Sure, working from home has its perks, be it a more flexible schedule or eliminating a long commute. But now, you miss chatting and networking with co-workers.
However, not all co-working spaces are a good fit. Here are four factors to think about:
The co-working space should be a reasonable distance from home, says Craig Baute, owner of Creative Density in Denver. The average commute in the U.S. to a co-working space is 18 minutes, according to online co-working magazine DeskMag.
For freelancers and remote workers on limited budgets, free parking is a must-have item, Baute says. Having lunch spots nearby is also important.
Every co-working space should come with unlimited coffee, comfortable seating, a printer and fax machine, and fast, reliable internet.
You may need to take private calls, so it also helps if the co-working space offers a designated area for that. “Noise should not be an issue,” says Chris Schultz, CEO of Launch Pad, which has co-working spaces in New Orleans and in Charleston, South Carolina.
Some co-working spaces also offer educational workshops and special events, which can be an attractive perk.
A strong community and interaction with others are the top reasons people choose a co-working space, according to DeskMag.
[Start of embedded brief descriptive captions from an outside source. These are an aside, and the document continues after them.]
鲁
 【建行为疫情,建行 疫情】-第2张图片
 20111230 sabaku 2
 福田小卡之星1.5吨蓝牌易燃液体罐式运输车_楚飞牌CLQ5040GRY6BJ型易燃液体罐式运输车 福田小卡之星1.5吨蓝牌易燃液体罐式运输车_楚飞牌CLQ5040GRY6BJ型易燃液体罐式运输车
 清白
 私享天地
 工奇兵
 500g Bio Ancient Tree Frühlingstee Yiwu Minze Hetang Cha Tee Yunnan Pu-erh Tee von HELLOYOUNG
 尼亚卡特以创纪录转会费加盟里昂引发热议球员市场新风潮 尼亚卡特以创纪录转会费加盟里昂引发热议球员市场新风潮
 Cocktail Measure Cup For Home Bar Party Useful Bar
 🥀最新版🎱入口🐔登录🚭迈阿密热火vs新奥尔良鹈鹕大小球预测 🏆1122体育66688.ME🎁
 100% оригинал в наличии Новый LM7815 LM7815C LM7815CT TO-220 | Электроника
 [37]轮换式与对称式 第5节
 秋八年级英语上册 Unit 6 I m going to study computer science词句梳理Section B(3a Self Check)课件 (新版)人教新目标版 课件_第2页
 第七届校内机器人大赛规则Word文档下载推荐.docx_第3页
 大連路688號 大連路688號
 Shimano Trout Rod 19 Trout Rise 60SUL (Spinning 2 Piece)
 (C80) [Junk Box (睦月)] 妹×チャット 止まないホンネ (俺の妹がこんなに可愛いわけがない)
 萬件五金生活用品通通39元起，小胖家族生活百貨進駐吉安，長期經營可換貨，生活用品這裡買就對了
You should be comfortable interacting with and learning from people in the space.
The biggest benefit of co-working spaces is that they’re “an investment in yourself and your career, in your business,” Schultz says, adding member surveys show that “their businesses grow faster and they move further in careers and more satisfaction doing what they’re doing.” A big reason for that is the community they’re around.
Memberships are typically monthly, without long-term lease commitments, and price usually depends on the size of the space and how often you’ll be there. The average monthly price of a 24/7 co-working space membership is $305, according to DeskMag’s survey.
Co-working space checklist
Test out the co-working space before making a commitment. Here’s a to-do list to help you evaluate the co-working spaces you visit:
- Sit. Test your desk or office chair. You’ll want to be comfortable working from this spot.
- Sign on. Try the internet. It needs to be fast and reliable — better than at home. “We call the internet oxygen,” Schultz says. “You need super-fast Wi-Fi.”
- Sip. The coffee is likely included in your membership. Is it something you’ll want to drink every day? You shouldn’t have to go to Starbucks.
- Mingle. Attend a happy hour, workshop or event hosted by the co-working space; say hi. Do you feel like you’ll be able to make connections? Ask yourself whether the culture is a good fit.
“Introduce yourself to people, see if people introduce themselves to you,” Schultz says. “Test the internet, try the coffee, think about what you’re going to need and work off that checklist.”